The Department of Hyro-Met Services (DHMS) reported that the rainfall levels could fall back to normal monsoon levels within the next few days. The heavy incessant rains have been due to a sustained low pressure zone in the southern Himalayan foothills.
In its report to the Prime Minister on Friday, the DHMS predicted a reduced total rainfall from 26 July to 9 August followed by a slight increase from 10 to 14 August. Improved weather is expected in most parts of western, central and eastern Bhutan with partly cloudy and possibility of light rain towards noon and the evening during next 72 hours.
Senior Meteorologist Tayba Buddha Gurung said that the daily rate of precipitation recorded this year are not the highest from previous years. A high of 430mm rain in a day was recorded in previous years compared to a high of 384mm this July but the problem has been the continuous rain fall.
Excessive rainfall saturates soil and reduces its bearing capacity hence increasing the likelihood of soil foundations giving way.

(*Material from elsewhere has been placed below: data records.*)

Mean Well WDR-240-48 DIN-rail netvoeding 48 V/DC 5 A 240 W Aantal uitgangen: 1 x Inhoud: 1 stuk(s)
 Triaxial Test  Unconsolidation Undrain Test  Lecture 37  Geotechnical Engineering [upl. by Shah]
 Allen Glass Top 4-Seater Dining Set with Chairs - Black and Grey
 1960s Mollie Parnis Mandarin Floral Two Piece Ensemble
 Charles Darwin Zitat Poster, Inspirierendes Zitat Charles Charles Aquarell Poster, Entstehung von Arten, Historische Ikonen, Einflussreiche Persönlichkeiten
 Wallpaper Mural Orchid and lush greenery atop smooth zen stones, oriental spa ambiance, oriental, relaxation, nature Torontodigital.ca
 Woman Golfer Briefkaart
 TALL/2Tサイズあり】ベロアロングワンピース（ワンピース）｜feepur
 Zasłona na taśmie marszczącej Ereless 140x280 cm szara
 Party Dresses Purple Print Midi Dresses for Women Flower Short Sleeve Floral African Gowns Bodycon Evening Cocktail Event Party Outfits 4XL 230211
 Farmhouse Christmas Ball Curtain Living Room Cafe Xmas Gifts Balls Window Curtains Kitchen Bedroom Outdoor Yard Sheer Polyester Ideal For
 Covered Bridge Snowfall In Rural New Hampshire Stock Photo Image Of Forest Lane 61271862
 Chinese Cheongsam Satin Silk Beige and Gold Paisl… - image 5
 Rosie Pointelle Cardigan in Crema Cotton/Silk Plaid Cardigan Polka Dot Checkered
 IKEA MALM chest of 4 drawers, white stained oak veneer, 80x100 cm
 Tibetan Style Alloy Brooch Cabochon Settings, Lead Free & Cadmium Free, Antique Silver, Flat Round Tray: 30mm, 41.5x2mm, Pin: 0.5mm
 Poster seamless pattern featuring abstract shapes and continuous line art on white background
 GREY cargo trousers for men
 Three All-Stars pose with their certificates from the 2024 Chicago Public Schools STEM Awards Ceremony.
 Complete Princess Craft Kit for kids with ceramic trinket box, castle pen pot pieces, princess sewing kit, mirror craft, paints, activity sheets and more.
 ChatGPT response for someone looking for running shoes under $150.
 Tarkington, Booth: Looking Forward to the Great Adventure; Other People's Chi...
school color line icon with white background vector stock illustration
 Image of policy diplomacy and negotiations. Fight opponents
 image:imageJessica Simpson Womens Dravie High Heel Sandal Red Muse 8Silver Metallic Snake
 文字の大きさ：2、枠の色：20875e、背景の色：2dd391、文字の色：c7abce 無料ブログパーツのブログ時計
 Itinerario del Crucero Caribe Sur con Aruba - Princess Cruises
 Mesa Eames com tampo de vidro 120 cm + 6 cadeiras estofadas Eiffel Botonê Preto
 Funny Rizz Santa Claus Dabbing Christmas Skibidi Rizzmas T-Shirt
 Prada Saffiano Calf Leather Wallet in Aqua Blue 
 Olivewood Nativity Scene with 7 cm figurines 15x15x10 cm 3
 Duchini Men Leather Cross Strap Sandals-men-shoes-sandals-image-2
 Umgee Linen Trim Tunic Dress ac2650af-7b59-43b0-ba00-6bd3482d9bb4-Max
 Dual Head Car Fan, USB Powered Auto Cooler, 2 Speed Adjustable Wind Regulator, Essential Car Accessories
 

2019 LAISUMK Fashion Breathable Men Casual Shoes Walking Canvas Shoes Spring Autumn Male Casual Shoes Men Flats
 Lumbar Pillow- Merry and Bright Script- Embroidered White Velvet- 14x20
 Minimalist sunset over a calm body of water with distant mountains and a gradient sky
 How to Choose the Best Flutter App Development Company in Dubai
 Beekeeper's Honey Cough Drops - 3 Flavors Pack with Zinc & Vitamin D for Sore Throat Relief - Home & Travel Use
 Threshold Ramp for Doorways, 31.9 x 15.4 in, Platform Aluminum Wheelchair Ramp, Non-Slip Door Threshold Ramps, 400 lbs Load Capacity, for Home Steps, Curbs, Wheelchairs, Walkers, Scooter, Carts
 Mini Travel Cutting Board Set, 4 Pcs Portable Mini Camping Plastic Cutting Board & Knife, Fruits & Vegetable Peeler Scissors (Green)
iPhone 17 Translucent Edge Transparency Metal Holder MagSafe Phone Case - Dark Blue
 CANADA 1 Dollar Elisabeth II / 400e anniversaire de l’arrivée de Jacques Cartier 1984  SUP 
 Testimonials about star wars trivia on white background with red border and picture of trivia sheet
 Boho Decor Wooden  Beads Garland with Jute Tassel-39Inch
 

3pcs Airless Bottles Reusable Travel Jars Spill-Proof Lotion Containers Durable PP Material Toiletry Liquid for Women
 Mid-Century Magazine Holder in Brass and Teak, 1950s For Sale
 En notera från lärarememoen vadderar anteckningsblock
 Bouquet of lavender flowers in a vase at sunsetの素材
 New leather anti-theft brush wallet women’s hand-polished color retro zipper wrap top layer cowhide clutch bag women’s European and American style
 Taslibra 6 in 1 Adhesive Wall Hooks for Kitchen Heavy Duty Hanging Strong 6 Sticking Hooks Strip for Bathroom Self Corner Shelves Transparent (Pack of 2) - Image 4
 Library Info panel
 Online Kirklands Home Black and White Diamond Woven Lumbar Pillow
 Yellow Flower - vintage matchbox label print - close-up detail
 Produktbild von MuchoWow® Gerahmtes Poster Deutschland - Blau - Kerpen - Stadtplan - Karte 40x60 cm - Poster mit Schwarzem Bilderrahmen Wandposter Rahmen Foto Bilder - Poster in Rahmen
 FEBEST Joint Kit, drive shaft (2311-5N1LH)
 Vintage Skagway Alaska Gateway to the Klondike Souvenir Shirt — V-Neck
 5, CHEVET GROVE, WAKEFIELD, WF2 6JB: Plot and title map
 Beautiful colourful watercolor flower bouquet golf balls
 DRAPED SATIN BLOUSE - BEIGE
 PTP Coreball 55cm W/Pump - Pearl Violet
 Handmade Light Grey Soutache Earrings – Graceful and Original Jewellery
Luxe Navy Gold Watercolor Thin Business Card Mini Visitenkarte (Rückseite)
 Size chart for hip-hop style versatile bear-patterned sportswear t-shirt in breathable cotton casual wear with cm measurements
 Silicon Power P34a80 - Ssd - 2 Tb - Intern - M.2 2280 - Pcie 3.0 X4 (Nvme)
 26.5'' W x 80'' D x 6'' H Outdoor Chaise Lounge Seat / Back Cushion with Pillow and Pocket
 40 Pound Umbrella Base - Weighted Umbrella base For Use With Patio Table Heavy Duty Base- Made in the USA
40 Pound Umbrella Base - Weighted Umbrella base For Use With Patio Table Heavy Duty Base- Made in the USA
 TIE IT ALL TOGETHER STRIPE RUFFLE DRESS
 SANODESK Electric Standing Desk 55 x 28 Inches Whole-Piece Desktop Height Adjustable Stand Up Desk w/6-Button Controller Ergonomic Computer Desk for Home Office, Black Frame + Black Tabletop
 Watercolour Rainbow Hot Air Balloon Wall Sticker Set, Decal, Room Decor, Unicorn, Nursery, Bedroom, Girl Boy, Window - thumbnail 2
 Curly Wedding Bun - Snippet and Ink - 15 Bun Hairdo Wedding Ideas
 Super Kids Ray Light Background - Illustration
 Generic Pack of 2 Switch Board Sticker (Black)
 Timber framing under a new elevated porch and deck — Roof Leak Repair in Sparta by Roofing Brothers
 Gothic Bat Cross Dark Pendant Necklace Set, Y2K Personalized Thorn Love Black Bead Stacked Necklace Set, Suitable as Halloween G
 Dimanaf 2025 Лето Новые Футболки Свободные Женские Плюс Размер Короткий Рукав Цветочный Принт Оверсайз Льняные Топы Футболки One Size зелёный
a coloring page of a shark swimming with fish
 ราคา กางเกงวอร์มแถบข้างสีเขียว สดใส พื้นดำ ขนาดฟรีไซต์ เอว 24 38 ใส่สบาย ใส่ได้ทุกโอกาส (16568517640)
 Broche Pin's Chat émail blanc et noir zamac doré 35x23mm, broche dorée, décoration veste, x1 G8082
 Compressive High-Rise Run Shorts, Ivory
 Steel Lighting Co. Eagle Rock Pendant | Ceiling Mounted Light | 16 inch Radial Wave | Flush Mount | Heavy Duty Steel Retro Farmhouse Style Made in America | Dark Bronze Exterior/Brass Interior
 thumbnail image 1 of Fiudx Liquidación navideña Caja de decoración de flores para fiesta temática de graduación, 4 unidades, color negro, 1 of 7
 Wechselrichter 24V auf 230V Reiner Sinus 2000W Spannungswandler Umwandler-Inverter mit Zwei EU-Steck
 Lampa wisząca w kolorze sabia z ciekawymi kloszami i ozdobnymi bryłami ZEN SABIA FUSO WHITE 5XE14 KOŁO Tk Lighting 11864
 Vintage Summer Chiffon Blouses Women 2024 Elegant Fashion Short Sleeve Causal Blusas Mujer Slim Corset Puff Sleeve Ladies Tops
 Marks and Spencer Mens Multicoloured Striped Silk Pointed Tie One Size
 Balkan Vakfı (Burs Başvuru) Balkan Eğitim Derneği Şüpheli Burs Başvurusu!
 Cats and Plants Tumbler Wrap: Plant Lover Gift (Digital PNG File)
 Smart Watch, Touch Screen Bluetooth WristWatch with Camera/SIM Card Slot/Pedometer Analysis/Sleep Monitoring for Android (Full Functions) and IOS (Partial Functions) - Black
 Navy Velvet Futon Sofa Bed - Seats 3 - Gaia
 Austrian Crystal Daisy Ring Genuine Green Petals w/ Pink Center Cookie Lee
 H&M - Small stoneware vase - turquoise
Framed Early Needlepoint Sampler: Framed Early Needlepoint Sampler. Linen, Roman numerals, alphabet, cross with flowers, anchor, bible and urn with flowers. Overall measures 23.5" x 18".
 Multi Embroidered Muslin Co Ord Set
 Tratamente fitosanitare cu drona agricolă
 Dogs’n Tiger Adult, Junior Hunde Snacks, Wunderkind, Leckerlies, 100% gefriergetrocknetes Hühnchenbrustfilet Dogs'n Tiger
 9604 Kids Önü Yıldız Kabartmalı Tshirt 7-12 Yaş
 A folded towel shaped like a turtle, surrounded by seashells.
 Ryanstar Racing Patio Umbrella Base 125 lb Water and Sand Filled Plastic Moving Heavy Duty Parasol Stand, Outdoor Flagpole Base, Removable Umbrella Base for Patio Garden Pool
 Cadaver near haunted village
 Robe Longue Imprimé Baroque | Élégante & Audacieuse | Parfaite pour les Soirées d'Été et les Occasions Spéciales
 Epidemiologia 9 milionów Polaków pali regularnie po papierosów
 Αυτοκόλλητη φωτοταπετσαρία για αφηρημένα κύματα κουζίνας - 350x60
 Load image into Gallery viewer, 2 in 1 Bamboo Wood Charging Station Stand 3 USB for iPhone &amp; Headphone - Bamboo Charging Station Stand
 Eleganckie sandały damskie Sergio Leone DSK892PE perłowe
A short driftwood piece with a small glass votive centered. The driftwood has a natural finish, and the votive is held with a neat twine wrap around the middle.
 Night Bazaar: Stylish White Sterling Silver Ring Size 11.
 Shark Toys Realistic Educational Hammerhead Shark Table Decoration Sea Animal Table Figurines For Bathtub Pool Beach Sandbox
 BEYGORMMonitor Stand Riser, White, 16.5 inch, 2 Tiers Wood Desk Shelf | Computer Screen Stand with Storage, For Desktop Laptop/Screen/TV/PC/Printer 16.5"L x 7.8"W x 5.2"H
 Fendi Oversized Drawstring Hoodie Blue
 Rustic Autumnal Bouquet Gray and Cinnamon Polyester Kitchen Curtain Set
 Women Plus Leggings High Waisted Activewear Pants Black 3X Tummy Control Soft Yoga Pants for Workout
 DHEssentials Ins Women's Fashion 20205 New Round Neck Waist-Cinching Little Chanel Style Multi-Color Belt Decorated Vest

June to September is the monsoon season for the region Bhutan falls in and so the rains could last well into September.
The East Asia Monsoon approaches from the Bay of Bengal and moves over west India to the Arabian Sea but the low pressure system that has continued in the southern foothills has caused convection currents which result in continuously rising air and hence precipitation.
The low pressure system is also responsible for the delayed monsoon in western India which is experiencing a drought.
Low pressure systems are associated with clouds and precipitation as the surrounding air at higher pressure is drawn towards the lower pressure region. This air is lifted up, cooled and results in precipitation. High pressure points on the other hand cause airflow outwards from the center and towards the surface reducing moisture content and are associated with good weather.